Healthy Fontans matched with either PLE or PB based on year of Fontan procedure done.
P-value from Chi-square tests or Fisher’s exact tests on comparison of each medication between the patients with/without PLE.
P-value from Chi-square tests or Fisher’s exact tests on comparison of each medication between the patients with/without PB.
Respondents also reported growth information (Table 2). PLE patients and control Fontan patients were similar in weight, but PLE patients reported significantly lower heights compared to control Fontans. To further evaluate growth parameters, body mass index (BMI) was calculated for each patient. The PLE group had both more underweight (< 5th%ile on the CDC growth chart) and with markedly elevated BMI (> 95th%ile on the CDC growth chart) individuals than the control Fontan patients. On further analysis, the PLE patients with BMI >95%ile were more likely take budesonide than PLE patients with normal BMI (31.6% vs. 8.1%; p=0.01).
PB symptoms and treatment
A majority of participants reporting PB (N=46) were male (59%), and the median respondent age at survey was 7.5 years-old (IQR 6–12).

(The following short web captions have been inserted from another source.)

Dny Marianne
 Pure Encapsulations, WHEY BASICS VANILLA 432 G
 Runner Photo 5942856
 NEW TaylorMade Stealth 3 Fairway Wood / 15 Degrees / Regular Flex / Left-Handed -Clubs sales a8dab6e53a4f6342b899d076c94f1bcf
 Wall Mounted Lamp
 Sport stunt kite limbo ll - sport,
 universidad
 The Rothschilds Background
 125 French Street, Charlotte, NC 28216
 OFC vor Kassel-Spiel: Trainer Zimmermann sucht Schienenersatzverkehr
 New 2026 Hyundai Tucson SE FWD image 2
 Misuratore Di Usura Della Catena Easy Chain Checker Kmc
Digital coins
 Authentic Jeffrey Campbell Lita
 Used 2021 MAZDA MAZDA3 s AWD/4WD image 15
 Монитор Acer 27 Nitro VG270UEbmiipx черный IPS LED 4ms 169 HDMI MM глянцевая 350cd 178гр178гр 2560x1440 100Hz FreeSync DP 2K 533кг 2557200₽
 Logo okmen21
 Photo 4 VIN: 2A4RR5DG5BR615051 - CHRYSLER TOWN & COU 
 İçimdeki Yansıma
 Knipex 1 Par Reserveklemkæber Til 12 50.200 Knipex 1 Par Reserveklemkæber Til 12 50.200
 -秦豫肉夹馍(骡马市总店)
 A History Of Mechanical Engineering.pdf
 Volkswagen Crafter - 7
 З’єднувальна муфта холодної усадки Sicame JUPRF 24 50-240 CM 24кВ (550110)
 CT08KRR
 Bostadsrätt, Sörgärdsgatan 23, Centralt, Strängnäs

The median time to diagnosis of PB was 2 years after Fontan (IQR 1–6 years). Those with PB described symptoms during all seasons, but unlike the PLE group, a majority of PB reported symptoms were most severe in the winter. A large majority (80%) of PB patients reported that symptoms were associated with developing cold or upper respiratory infection. Only 9% of respondents diagnosed with PB reported never being hospitalized as a result of PB. Among the other PB patients, 28% had been hospitalized 1–2 times, 30% had been hospitalized 3–5 times, 15% had been hospitalized 6–10 times, 9% were hospitalized 11–20 times, and 7% had been hospitalized >20 times.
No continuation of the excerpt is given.